# Is anybody in the Mesa, Scottsdale or Phoenix area of AZ looking to adopt?



## Nsilk1988 (Aug 23, 2018)

I have a racing pigeon I ended up with about 6 months ago I’m looking to rehome. From the information I got from the previous owner it was about 7 months old when I got it. Unfortunately my pigeon does not get along with other pigeons, I’m guessing he is used to being the only pigeon in the house. I’ve been working with it trying to get it hand tamed like my other bird but I unfortunately don’t have enough time to train it the way I would like to.
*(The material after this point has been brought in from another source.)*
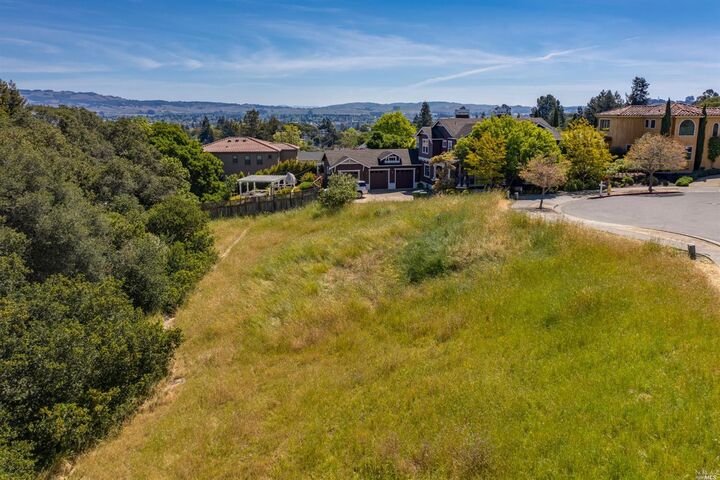 Property Photo: 513 Larch Drive CA 94952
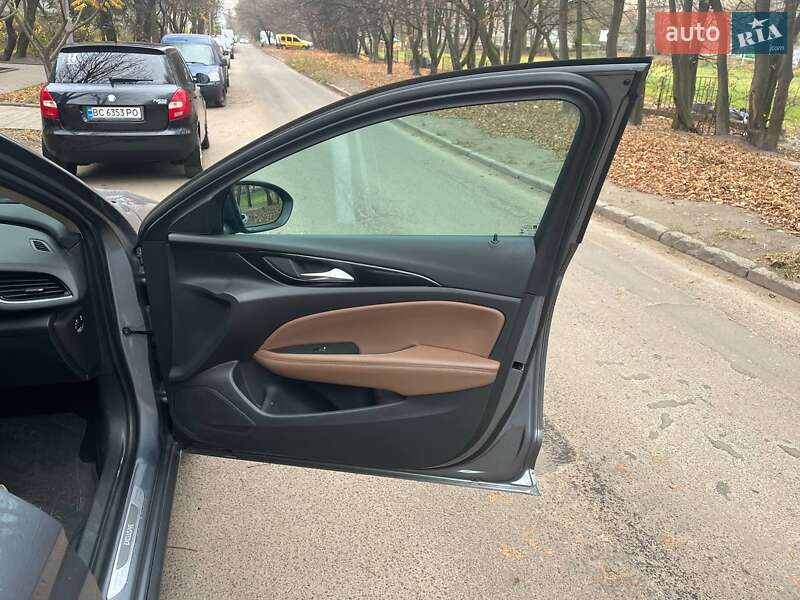 Лифтбек Opel Insignia 2019 в Львове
Not looking for any kind of rehoming fee just looking for someone with a coop or aviary and time to work with it. I’m located in Fountain Hills Arizona but don’t mind traveling to Mesa, Scottsdale or Phoenix to make sure it goes to a good home.


----------



## Frank2620 (Feb 7, 2017)

Hi Nsilk ,

Search pigeons , on craigslist phoenix, AZ . Or place an ad on there .

Best of luck to you ,

Frank


----------



## Scottsdaleaz (Aug 30, 2014)

Nsilk, do you know the gender of the pigeon? We’re you thinking this pigeon would be a companion to your other pigeons? Two males will often not get along. I may be looking for a confirmed hen.
thanks. 


Frank2620 said:


> Hi Nsilk ,
> 
> Search pigeons , on craigslist phoenix, AZ . Or place an ad on there .
> 
> ...








Nsilk1988 said:


> I have a racing pigeon I ended up with about 6 months ago I’m looking to rehome. From the information I got from the previous owner it was about 7 months old when I got it. Unfortunately my pigeon does not get along with other pigeons, I’m guessing he is used to being the only pigeon in the house. I’ve been working with it trying to get it hand tamed like my other bird but I unfortunately don’t have enough time to train it the way I would like to. Not looking for any kind of rehoming fee just looking for someone with a coop or aviary and time to work with it. I’m located in Fountain Hills Arizona but don’t mind traveling to Mesa, Scottsdale or Phoenix to make sure it goes to a good home.





Nsilk1988 said:


> I have a racing pigeon I ended up with about 6 months ago I’m looking to rehome. From the information I got from the previous owner it was about 7 months old when I got it. Unfortunately my pigeon does not get along with other pigeons, I’m guessing he is used to being the only pigeon in the house. I’ve been working with it trying to get it hand tamed like my other bird but I unfortunately don’t have enough time to train it the way I would like to. Not looking for any kind of rehoming fee just looking for someone with a coop or aviary and time to work with it. I’m located in Fountain Hills Arizona but don’t mind traveling to Mesa, Scottsdale or Phoenix to make sure it goes to a good home.


----------



## Scottsdaleaz (Aug 30, 2014)

Nsilk, do you know the gender of your pigeons? Is this new one male or female? Two males will often not get along. I may be looking for a confirmed hen. Thanks,


----------